I’m taking a stats refresher. The last stats class I took was over 20 years ago. I had even sat down over the last few weeks with one of my old college text books and gone through it. I was comfortable with it, and decided to go a little dee[er So my work offered a stats class and I signed up.
The instruction is so horrible that I feel stupider than when I went in. So for those of you who are interested here are some bad teaching techniques:
Standing facing the board, reading out the words on the screen, and muttering so softly you can’t be heard beyond the first row.
Clicking around on software demonstrations without giving good verbal clue of where you’re clicking, since no one can see the d*** cursor.
Your slides on screen don’t match the ones in the student handbook.
You spend the first half of the day talking bout stuff that you will talk about later…for no particular reason that I can figure out.
Anyone else have some bad teaching tips? I’m starting a short course next year, I’m always willing to learn.
Figure out who the smartest people in the class are and teach only to them. Completely ignore those on the downside of the bell curve (I interned with a teacher who did this. The students were in elementary school).
If the plan is to work on X, knowing your students have focused on X, change it up! Skip ahead to Z! Better yet, spring a test on Z that day.
Tell your class all opinions are valid, then shut anyone down who expresses something different from your beliefs.
Tell your class you don’t care HOW you get to the correct answer, just that you get the correct answer, then mark their work wrong if it was not done the “right” way.
Our choir conductor may be a great musician, but he’s an awful teacher.
Berate your learners constantly. Accuse them of laziness and inattention to detail. Tell them they’re not committed enough, even though they’re volunteers who give hundreds of hours of their time every year, and even pay dues for the privilege. Punish them by going over and over and over material that most have already learned, getting ever more picky about tone and technique.
I wish he’d learn about positive reinforcement and the role of the amygdala in learning. Stressed, unhappy people CAN’T learn!
I had a teacher in college who sounds to have been a bit similar to yours. She didn’t have any materials nor visual aids. She just stood, facing us, but with her head down, looking at her own shoes, and speaking as thought she was talking to a wall about 1 inch past her toes and entirely oblivious of the existence of all the other people in the room. You had to be in the first row to even hear her and, regardless of whether you could or not, staying awake was nearly impossible.
I had a psych professor like yours. One extra thing he did was write all over the board as he was talking, in no discernible manner. You could not follow him.
Can’t be too mad at him, though. I broke my glasses and could not read the test, and had to try and schedule a make-up test. I was extremely stressed about this. He just said he’d average my other test grades in, because I was such a good student. Thing is, I’d made Cs on all his tests.
(I think that was just one of the better grades in the class, and he curved, because I got an A in the course.)

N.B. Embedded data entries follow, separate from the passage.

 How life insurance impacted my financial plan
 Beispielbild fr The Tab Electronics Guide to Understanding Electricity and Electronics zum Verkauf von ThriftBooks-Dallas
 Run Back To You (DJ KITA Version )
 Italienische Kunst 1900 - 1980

You are complaining that the slides aren’t part of a canned lecture.
Buck up and tell the prof to speak up after class. Or ask for clarification during class. If you’re saying all you complaints for the end of semester evals then you’re part of the problem, too.

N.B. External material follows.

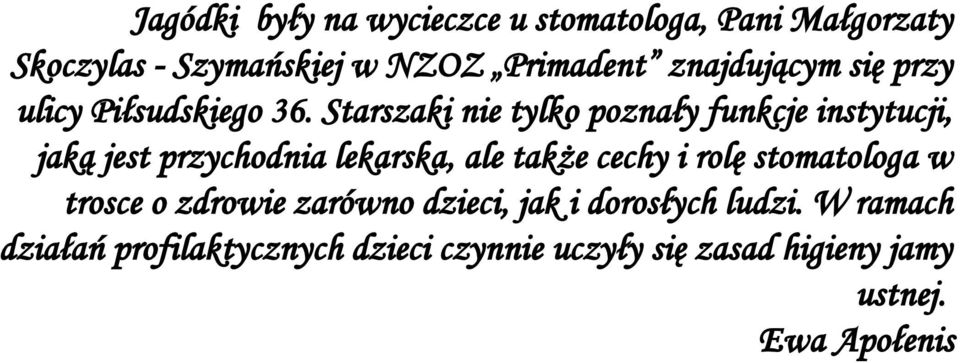 Starszaki nie tylko poznały funkcje instytucji, jaką jest przychodnia lekarska, ale także cechy i rolę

Be sure to include a problem on the test on a topic that you only briefly touched on in class, and that is only briefly touched on in the textbook. But make the problem rather more elaborate than anything you covered in class or in the text or in any practice homework problems.

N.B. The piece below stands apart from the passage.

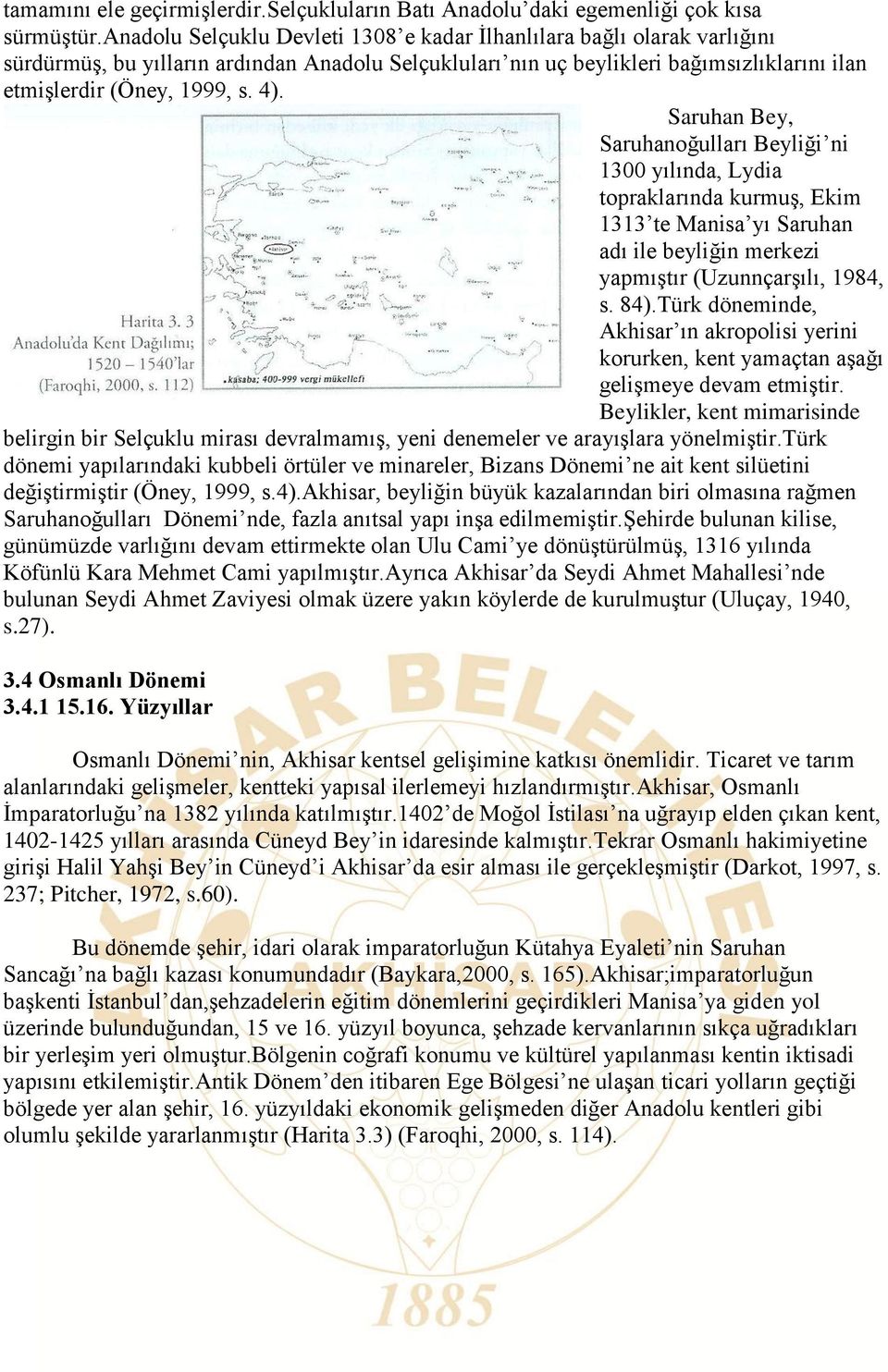 Saruhan Bey, Saruhanoğulları Beyliği ni 1300 yılında, Lydia topraklarında kurmuş, Ekim 1313 te Manisa yı Saruhan adı ile beyliğin merkezi yapmıştır (Uzunnçarşılı, 1984, s. 84).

But wait! There’s more! Have a total of three problems on the test. ALL of them like that, and all of them just variations on one another.
The final test is something standardized by the college however it has nothing to do with what was taught in class.
Making students buy a special textbook because the instructor wrote it. It’s so crappy that no one else will buy it.
Teach in such a manner that the students know how brilliant you are; however, the material presented is so far over their heads that they learn nothing.
I was an aircraft maintenance instructor in the US Air Force. I received an instructor evaluation from my supervisor at least twice a year. Later I conducted such evaluations. When I started teach in college, I did not receive an instructor evaluation for the first 8 years! That’s how bad teachers get behind the podium in colleges.
I just became a notary in my state. I passed the test, but only with an 85% score. I typically do better on tests.
The teacher never showed us how to actually fill out the notary form. She was big on mnemonics and she talked for over six hours, but I just did not feel properly prepared and my score reflected that.
Make sure that English is your second language, mispronounce everything and talk real fast. Get really, really pissed off if someone asks you to clarify your pronunciation.
Example: a teaching assistant from Bangladesh was in charge of a physics learning lab in college. He blew up at me because he thought that I was making fun of him when I quite seriously asked what “etch” was.
He replied,“Etch?”.
I said, “Yes, you just said to divide the result by etch. I’m sorry, I don’t know what that is”
He said,“Not etch! Not Etch! ETCH!!! - Planck’s Constant!!! I do not appreciate you making fun of me!” (symbol for Planck’s constant is an “H”)
I kid you not, I once had a statistics prof who suffered from narcolepsy. Of all the subjects he could have been teaching, statistics?! It’s already prone to being dull. So it turned out that narcolepsy was contagious. The whole class caught it.
I had one that would write on the board with one hand, erasing with the other, lecturing about what was in between, conveniently hidden behind his head.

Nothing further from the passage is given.